On the left: Billy Porter wearing a black dress. On the right: Harry styles wearing a dress on the cover of Vogue

Billy Porter has fielded criticism for claiming that he “created the conversation” about gender-neutral fashion.

Porter, the 52-year-old begowned champion of red carpet style, has been at loggerheads with Harry Styles after the Cinderella star slammed American Vogue for featuring Styles wearing a dress on its December 2019 cover.

The opportunities that have been handed to Styles, a 27-year-old white man, have been much harder for Porter, an older Black man, to achieve, he told The Sunday Times.

“I created the conversation [about gender-neutral fashion] and yet Vogue still put Harry Styles, a straight white man, in a dress on their cover for the first time,” he told the British newspaper.

Billy Porter blasted for being a cis man claiming he created ‘non-binary fashion’

While Porter did not specially use the phrase “non-binary fashion” in the interview, his comments drew raised eyebrows from LGBT+ Twitter users, with some accusing him of “gatekeeping non-binary fashion“.

“He didn’t invent that concept,” fumed one user. “He wasn’t the first one to do it. This just seems like bitter jealousy that he hasn’t gotten a Vogue cover yet.”

“While I understand Billy’s sentiment, I’m looking at two cis individuals once again put ‘non-binary’ in a box as if it is a third gender and not a literal identity,” another added. “What exactly is non-binary fashion?”

Others, including bisexual Walking Dead star Daniel Newman, criticised Porter.

The Pose star, who donned a custom Christian Siriano tuxedo gown for the 2019 Oscars, insisted that he “changed the whole game” when it came to men wearing skirts and dresses as part of their personal style.

But he called out anti-Blackness in the entertainment and fashion industries which has long seen queer Black people erased – Porter included, he said.
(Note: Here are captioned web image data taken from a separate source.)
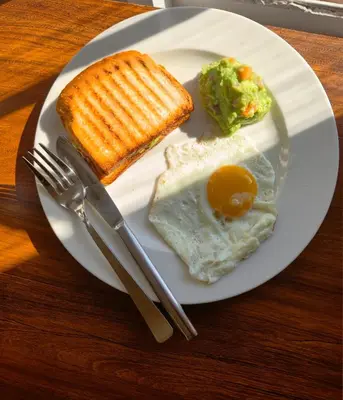 a plate of food with egg and corn and toast at The Hundred House by Kisah Stays in Ambalavayal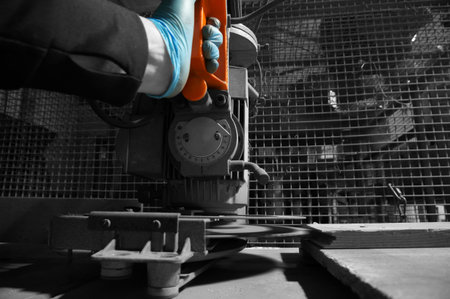 Man operating a circular saw on a workbench in a workshop with selective color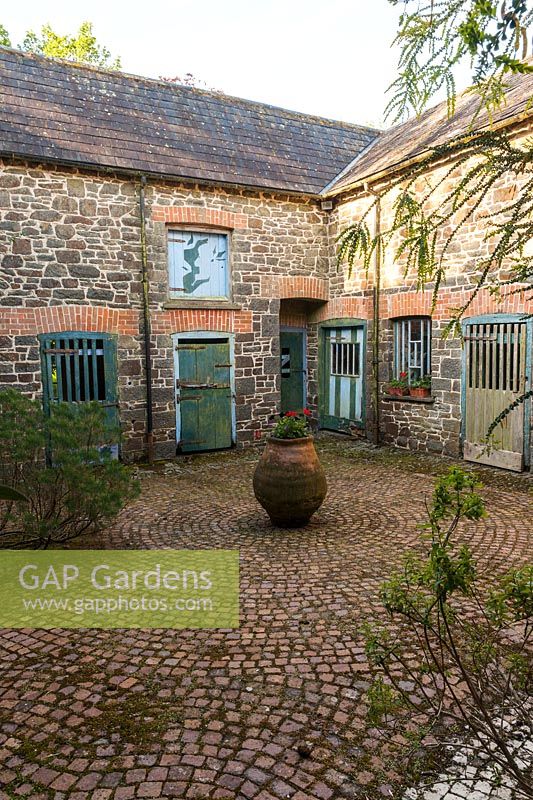 Central Greek terracotta pot in paved courtyard, Plaz Metaxu Garden, Devon, UK. 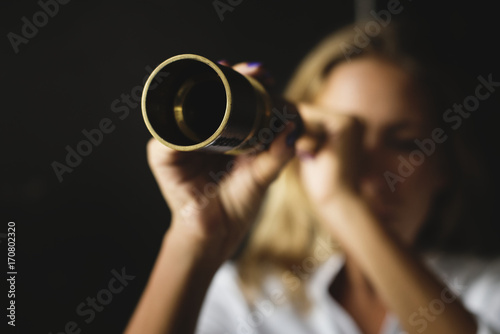 Caucasian woman using telescope spyglass photo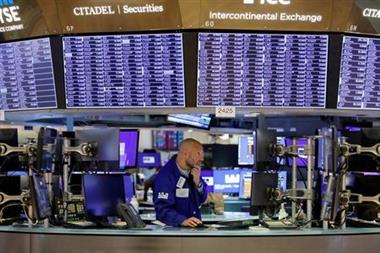 FILE PHOTO: A trader works on the trading floor at the New York Stock Exchange (NYSE) in Manhattan, New York City, U.S., August 9, 2021. REUTERS/Andrew Kelly/File Photo 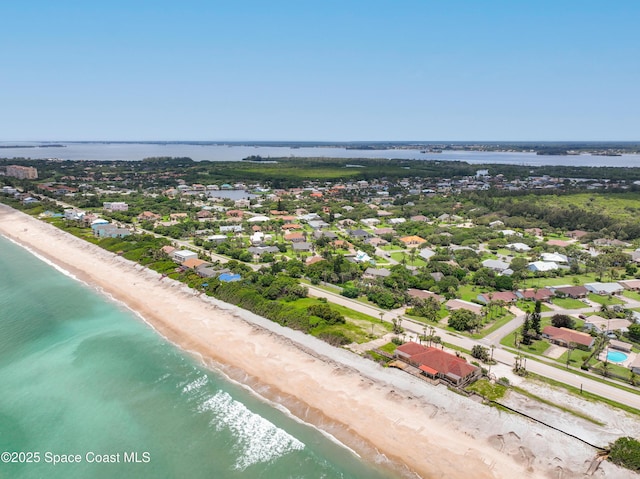 bird's eye view with a water view and a view of the beach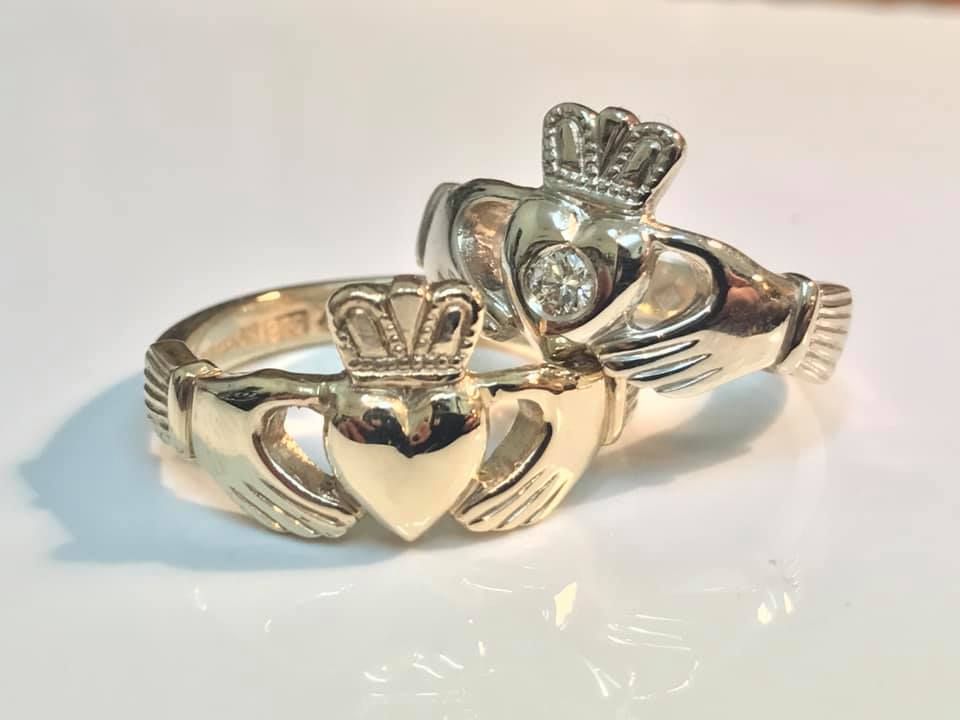 Two gold-toned Claddagh rings resting on a white surface, one featuring a small center diamond — Burchell's Jewellers In Bowral, NSW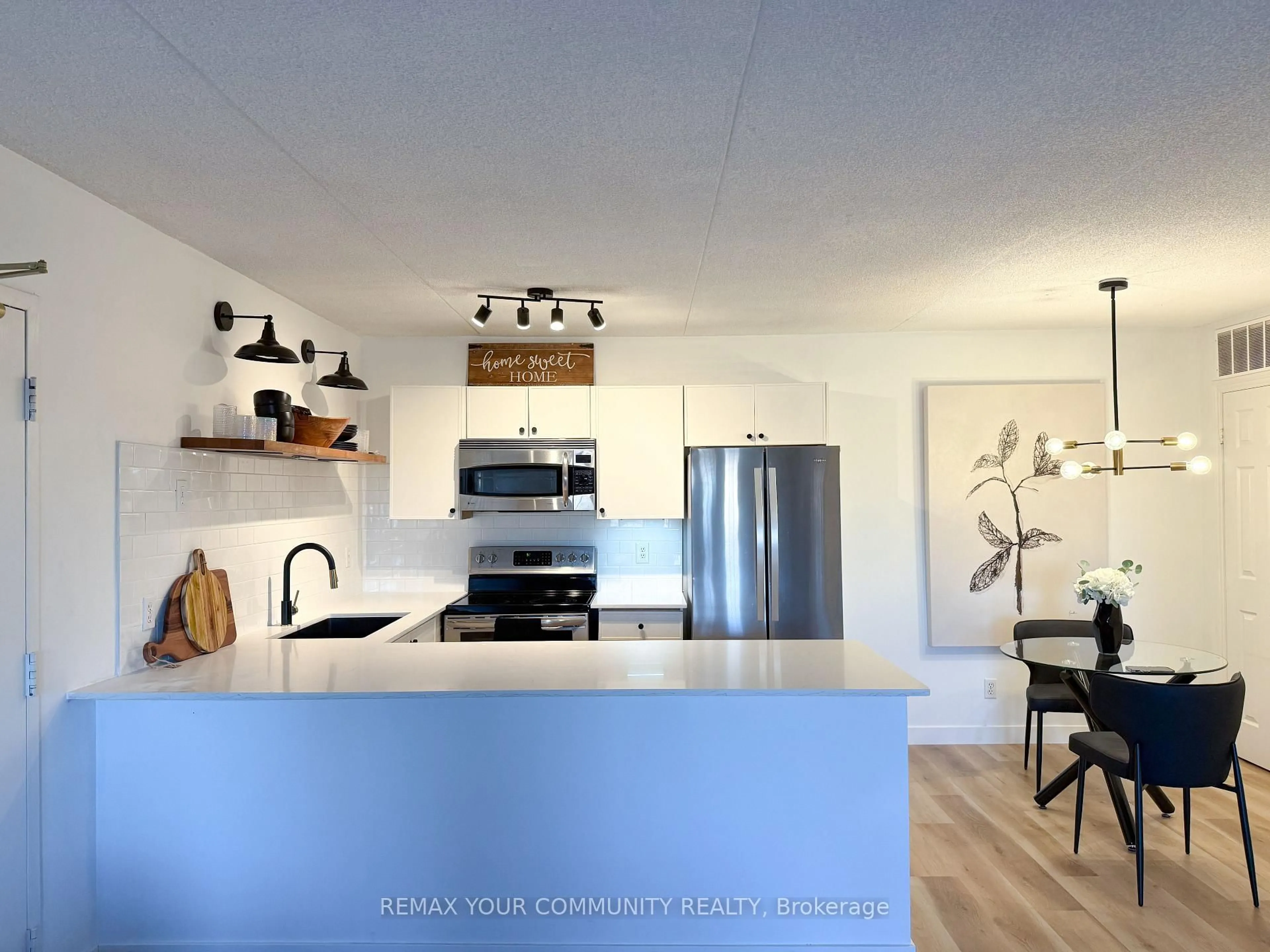 Open concept kitchen, unknown for 1800 Walker's Line #210, Burlington Ontario L7M 4V2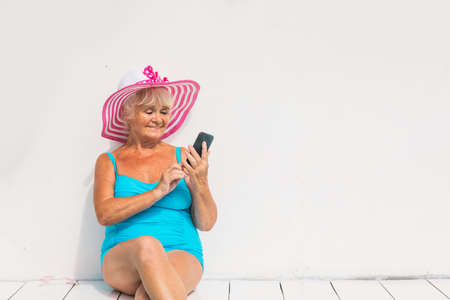 Happy senior woman having party in the swimming pool - Beautiful senior lady sunbathing and relaxing in a private pool during summertimeの写真素材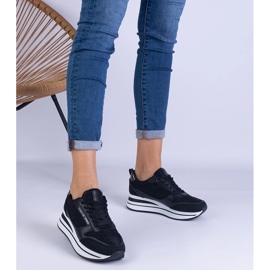 Sneakers nere da donna sulla piattaforma nero 1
“I was the first one doing it,” Porter said, “and now everybody is doing it.”

For Porter, that includes Styles, who graced Vogue as the first solo male cover star in its 127-year history wearing a Gucci lace dress.

“I’m not dragging Harry Styles,” he stressed, “but he is the one you’re going to try and use to represent this new conversation?

“He doesn’t care, he’s just doing it because it’s the thing to do.

“This is politics for me. This is my life. I had to fight my entire life to get to the place where I could wear a dress to the Oscars and not be gunned now.

“All he has to do is be white and straight.”